4 Synthetic and Biologic Implants



10.1055/b-0036-135550

4 Synthetic and Biologic Implants

Kofi D. O. Boahene

Introduction


Functional and aesthetic reconstruction of the craniofacial regions requires the manipulation of tissue to restore or enhance form and function. In the presence of tissue paucity, autologous grafts and flaps are key in the reconstructive ladder. In a broad range of cases where grafts and flaps alone are inadequate, implants are needed. In contrast to transplants, implants are manufactured devices surgically placed to replace, support, or enhance the form or function of a biologic tissue. Implants can be synthetic, biologic, or a combination of the two forms and occur either naturally or are synthesized for their intended use. The use of implants in medicine and dentistry can be traced 2,000 years back to the Romans, Chinese, and Aztecs. Over the past three decades, significant advances in nanotechnology, tissue engineering, material science, and microsurgery has broadened the clinical use and potential application of synthetic and biologic implants. Advanced manufacturing processes including rapid prototyping and additive manufacturing technology (threedimensional [3D] printing) now facilitate the inclusion of complex implants and flaps in the comprehensive reconstruction of extensive craniofacial defects. The convergence of synthetic implants, biologic implants, and 3D printing has opened the door for possible replacement of damaged tissues with manufactured whole organs. This chapter focuses on the present and evolving application of synthetic and biologic implants in facial plastic and reconstructive surgery.

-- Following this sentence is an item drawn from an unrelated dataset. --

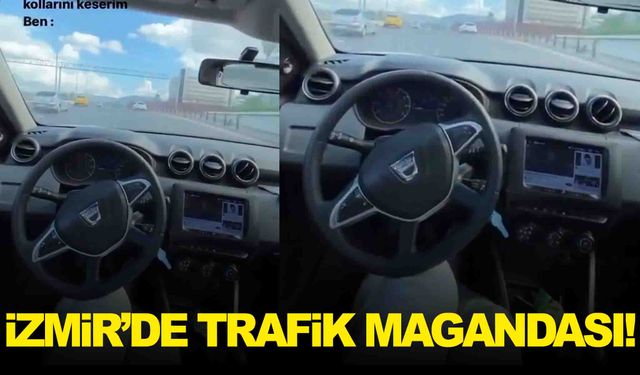 İzmir’de trafikte tehlikeli dakikalar… Diziyle kontrol ettiği araçla makas attı!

Evolution of Synthetic Implants


The turn of the century marked the increased use of synthetic materials in reconstructive surgery. The earliest implants were made from readily available materials, most of which proved to be either pathogenic or toxic. With improved understanding of the immune system and tissue interaction with synthetic materials, three main generations of implants have evolved. The first generation synthetic implants were designed from materials with physical properties that matched those of the deficient tissue. These were bioinert implants that mainly replaced tissue while eliciting little or no immunologic response. The majority of these implants were made from pure metals and their alloys. Vanadium steel was the first metal alloy developed specifically for use in humans as plates for mandibular reconstruction. Vanadium steel was abandoned because of mechanical failure, corrosion, and poor biocompatibility. Currently, pure metals and alloys of iron, chromium, and titanium are the most commonly used metallic implants.


The second generation synthetic implants are bioactive implants. Bioactive implants include nonresorbable and resorbable polymers that promote implant tissue interaction and integration. Early bioactive implants manufactured in the mid-1980s such as bioactive glass, ceramic-glass composite implants, and synthetic hydroxyapatite were commonly used in head and neck reconstruction. However, problems from stress shielding and particulate wear limited their widespread acceptance. Biodegradable synthetic implants are attractive in craniofacial surgery, particularly in children. Since they dissolve over time, stress shielding and growth restriction is not an issue. The inability of second generation implants to adapt to changing physiologic demands in their microenvironment, such as weight bearing forces. remains a challenge.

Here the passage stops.